At my own risk and peril, I’ve got to take issue with Joshua Foust on this one (third bullet point down in his post). The problem here isn’t that Al Jazeera “cannot tell the difference between standard issue evangelical boilerplate and a command to go destroy Islam in the name of Jesus.” It’s that a population that already suspects it’s being targeted as part of a religious crusade against Islam might not be able to. Given some of the quotes in the article, I wonder whether the evangelicals at issue might not be able to either.
Clearly the U.S. Army has regulations prohibiting prostletyzing, just like it has regulations prohibiting many other things. And clearly, those individuals who want to get around — or violate — that regulation will do so, just as with the others. To the extent that this is not an institutional problem of the Army, Foust is right.
But that doesn’t mean it’s not a problem for the institution that is the Army.
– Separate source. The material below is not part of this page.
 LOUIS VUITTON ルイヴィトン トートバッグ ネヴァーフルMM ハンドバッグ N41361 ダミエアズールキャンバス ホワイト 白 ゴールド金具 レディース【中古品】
The article reveals a failure on the part of the prostletyzers to understand how badly their sincere efforts to follow both the dictates of their faith and those of their employer are in direct opposition in Afghanistan. To paraphrase Mark 8:36, For what shall it profit a COINdinista, if he shall gain a man’s soul, and lose his heart and mind? So there has obviously been a breakdown in sensitivity training as part of the core mission objectives here, too.
It’s also difficult not to put this into the context of the growing evangelical presence in the U.S. military, at all levels of the chain of command, and wonder whether it actually is a de facto — if not de jure — institutional problem for an Army so actively engaged in the Muslim world.